Ideally, we could start our system with one node, and be able to insert
data just on that one node. Then, when a second node is added, we can
start using that node to store replicas for the keyspace. I know that
0.7.0 has a new operation for updating keyspace properties like
replication level, but in the documentation there is some mention about
having to run manual repair operations after using it. My question is:
what happens if we do not run these repair operations?
Here's what I'd like to do:
1) Start with a single node with autobootstrap=false and replication
level=1.
2) Later, start a second node with autobootstrap=true and join it to the
first.
3) The application detects that there are now two nodes, and issues the
command to pump up the replication level to 2.
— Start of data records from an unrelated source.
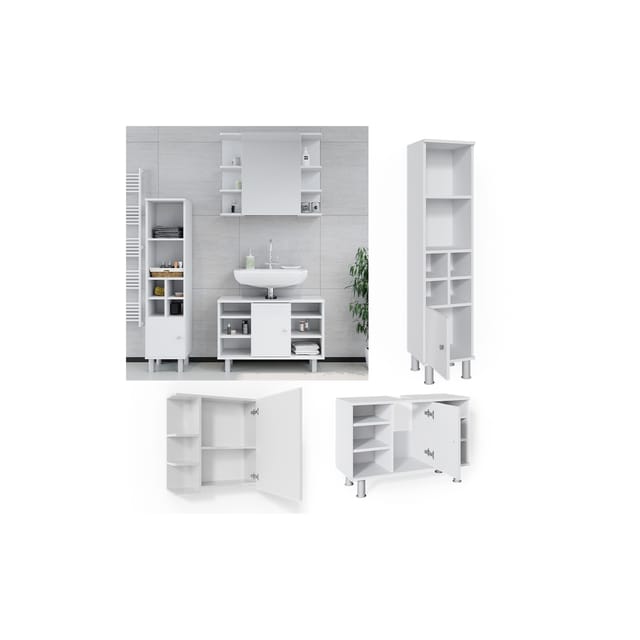 Vicco Badmöbel-Set Fynn Weiß 3 Teile mit Midischrank Tür Klein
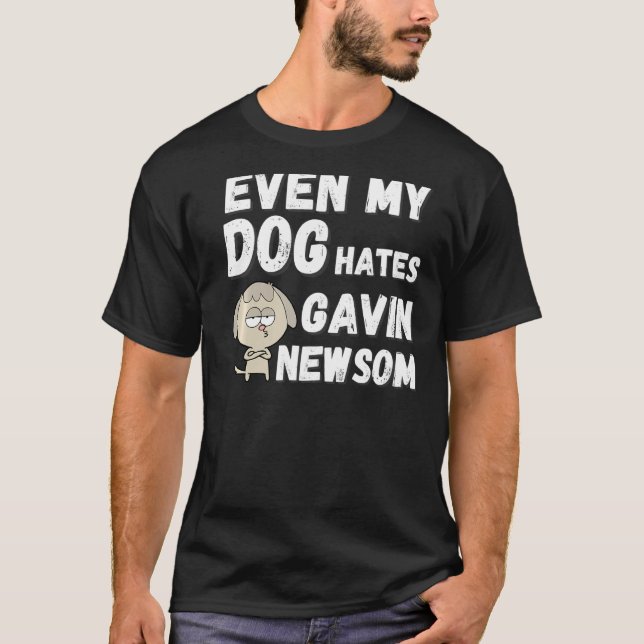 T-shirt Même mon chien déteste Gavin Newsom Rappeler Newso (Devant)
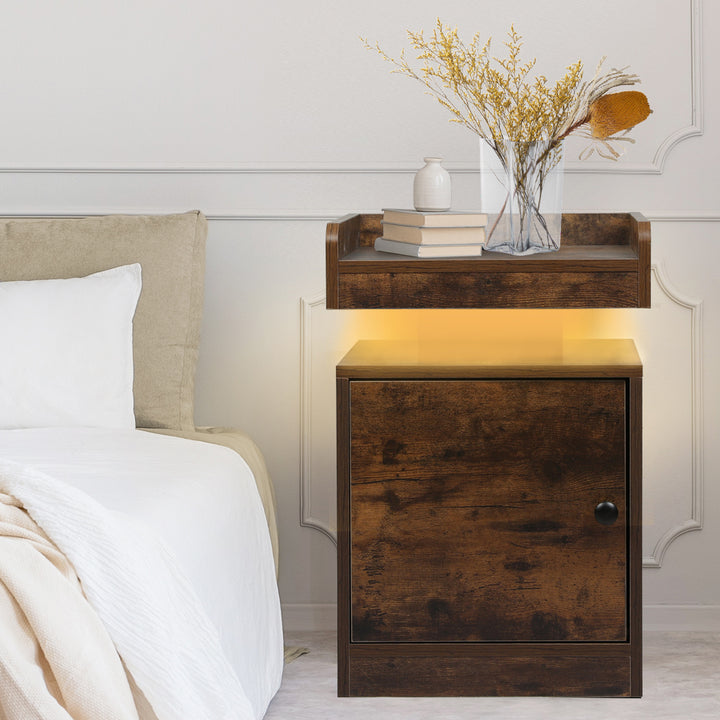 Levede Bedside Table USB Charger Outlet RGB Oak.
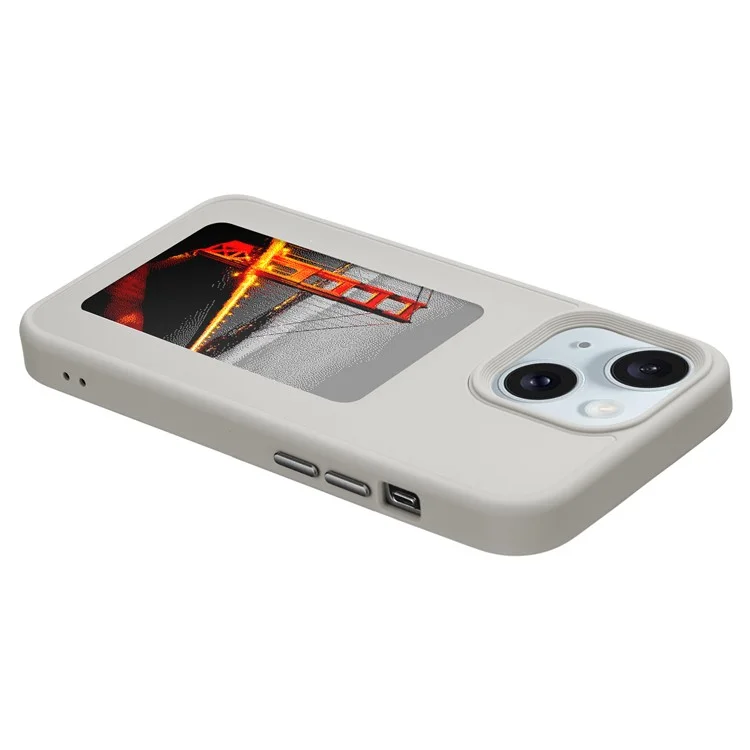 Encre Pour Iphone 13 / 14 Boîtier pc + Tpu 4 Couleurs E Ink Case DIY Smart Affichage Couverture Téléphonique Personnalisée - Gris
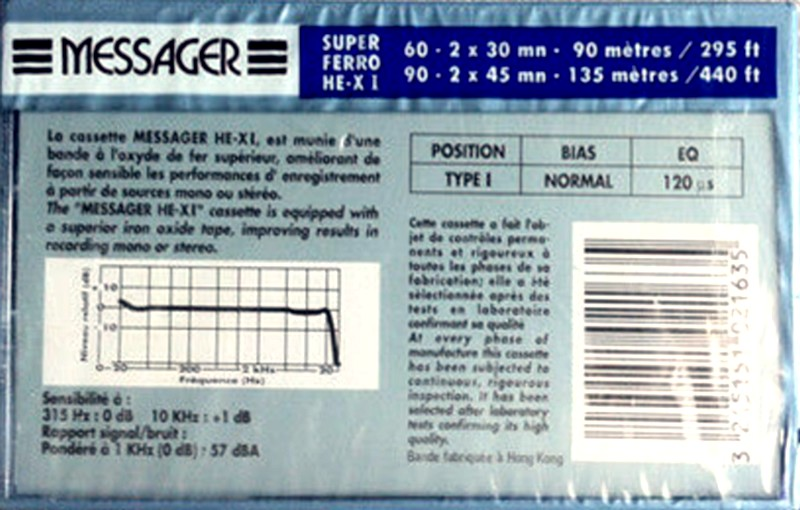 Compact Cassette Messager HE-XI 60 Type I Normal 1994 France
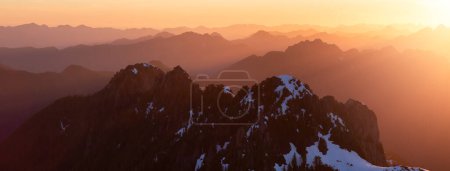 Photo for Colorful Sunset over the Rocky Mountain Landscape. Canadian Nature Aerial Background. Vancouver Island, BC, Canada. - Royalty Free Image
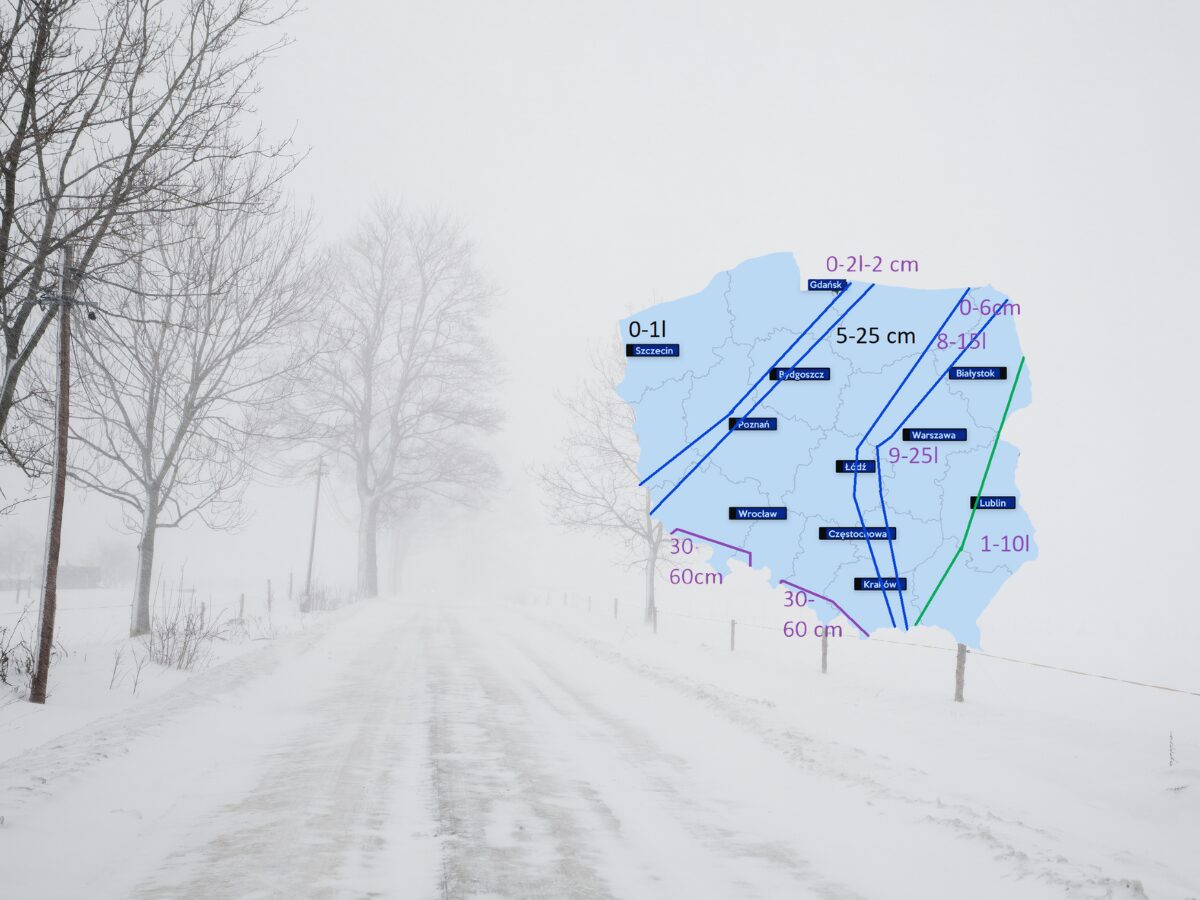 Pogoda 26 listopada – spadnie miejscami pół metra śniegu! [MAPA OPADU]
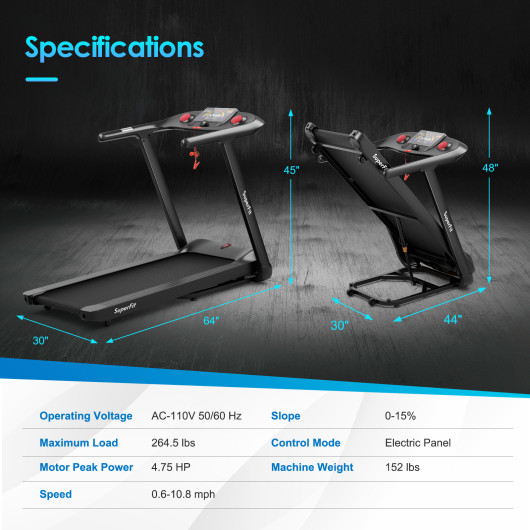 4.75HP Folding Treadmill with Preset Programs Touch Screen Control-Black - Image 4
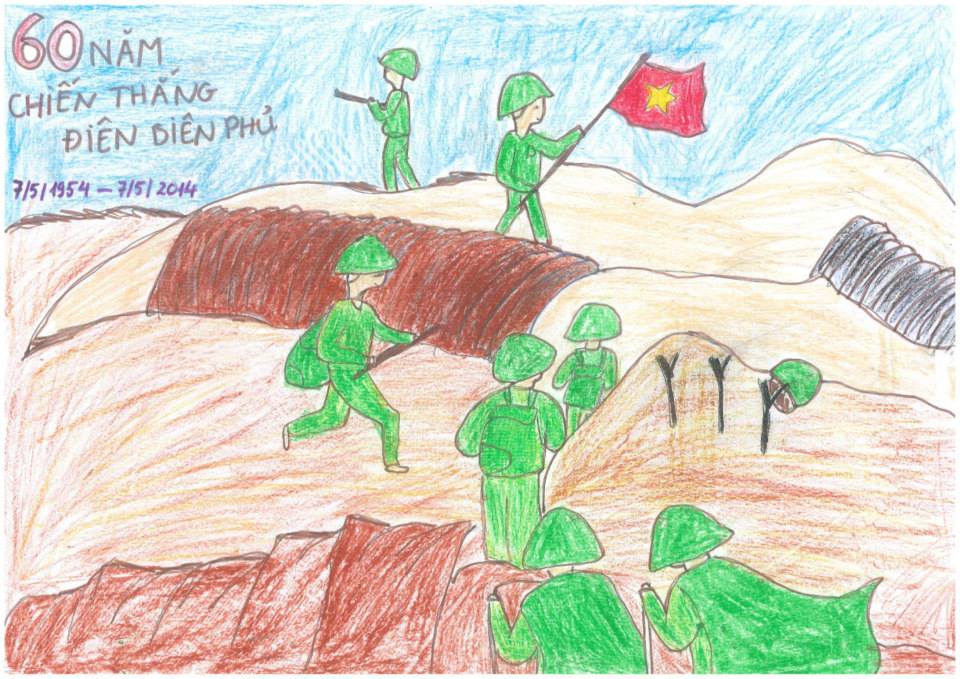 Chiến thắng Điện Biên Phủ qua bàn tay của Họa sĩ nhí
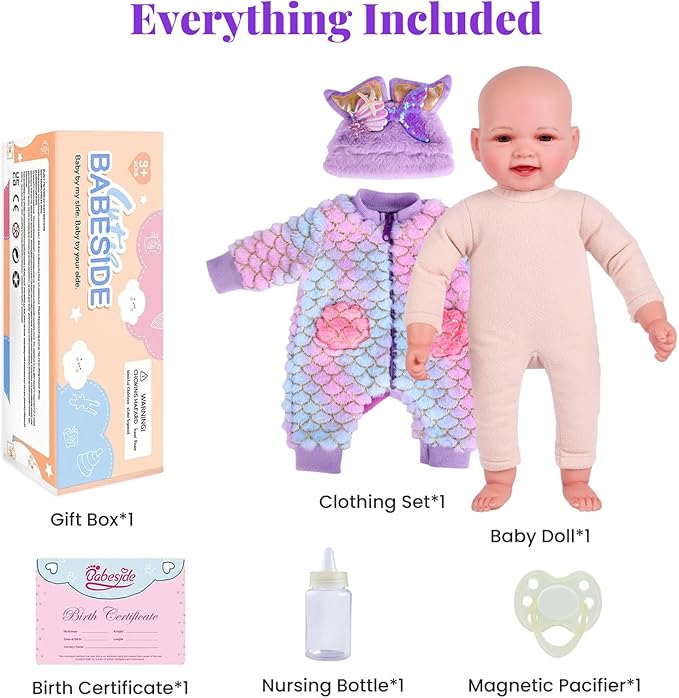 BABESIDE Mermaid Baby Dolls Girl-17inch Large Realistic Cute Soft Body Baby Doll Real Life Mermaid Baby Doll Toys with Mermaid Sets & Accessories, for 3+ Year Old Girls Gifts, Pretend Play, Collection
4) If it ever drops back down to one node, it will turn the replication
level down again.
If we do not do a repair, will all hell break lose, or will it just be
the case that data inserted when there was only one node will continue
to be unreplicated, but data inserted when there were two nodes will
have two replicas? Thanks,
Jeremy
Re: changing the replication level on the fly
Posted by Jeremy Stribling <st...@nicira.com>.
On 01/18/2011 11:36 AM, Edward Capriolo wrote:
> On Tue, Jan 18, 2011 at 2:14 PM, Jeremy Stribling<st...@nicira.com> wrote:
>
>> Hi,
>>
>> I've noticed in the new Cassandra 0.7.0 release that if I have a keyspace
>> with a replication level of 2, but only one Cassandra node, I cannot insert
>> anything into the system. Likely this was a bug in the old release I was
>> using (0.6.8 -- is there a JIRA describing this problem?). However, this is
>> a problem for our application, as we don't want to have to predefine the
>> number of nodes, but rather start with one node, and add nodes as needed.
>>
>> Ideally, we could start our system with one node, and be able to insert data
>> just on that one node. Then, when a second node is added, we can start
>> using that node to store replicas for the keyspace. I know that 0.7.0 has a
>> new operation for updating keyspace properties like replication level, but
>> in the documentation there is some mention about having to run manual repair
>> operations after using it. My question is: what happens if we do not run
>> these repair operations?
>>
>> Here's what I'd like to do:
>> 1) Start with a single node with autobootstrap=false and replication
>> level=1.
>> 2) Later, start a second node with autobootstrap=true and join it to the
>> first.
>> 3) The application detects that there are now two nodes, and issues the
>> command to pump up the replication level to 2.
>> 4) If it ever drops back down to one node, it will turn the replication
>> level down again.
>>
>> If we do not do a repair, will all hell break lose, or will it just be the
>> case that data inserted when there was only one node will continue to be
>> unreplicated, but data inserted when there were two nodes will have two
>> replicas? Thanks,
>>
>> Jeremy
>>
>>
>>
> If you up your replication Factor and do not repair this is what happens:
>
> READ.QUORUM -> This is safe. Over time all entries that are read will
> be fixed through read repair. Reads will return correct data.
> BUT data never read will never be copied to the new node.
> READ.ONE -> 50% of your reads will return correct data. 50% of your
> Reads will return NO data the first time (based on the server your
> read hits). Then they will be read repaired. Second read will return
> the correct data.
>
> You can extrapolate the complications caused be this if you are add 10
> or 15 nodes over time. You are never really sure if the data from the
> first node got replicated to the second, did the second get replicated
> to the third ? Brian hurting... CAP complicated enough...
>
Thanks. Are you referring only to data that was written at replication
factor 1, or any data?
Re: changing the replication level on the fly
Posted by Edward Capriolo <ed...@gmail.com>.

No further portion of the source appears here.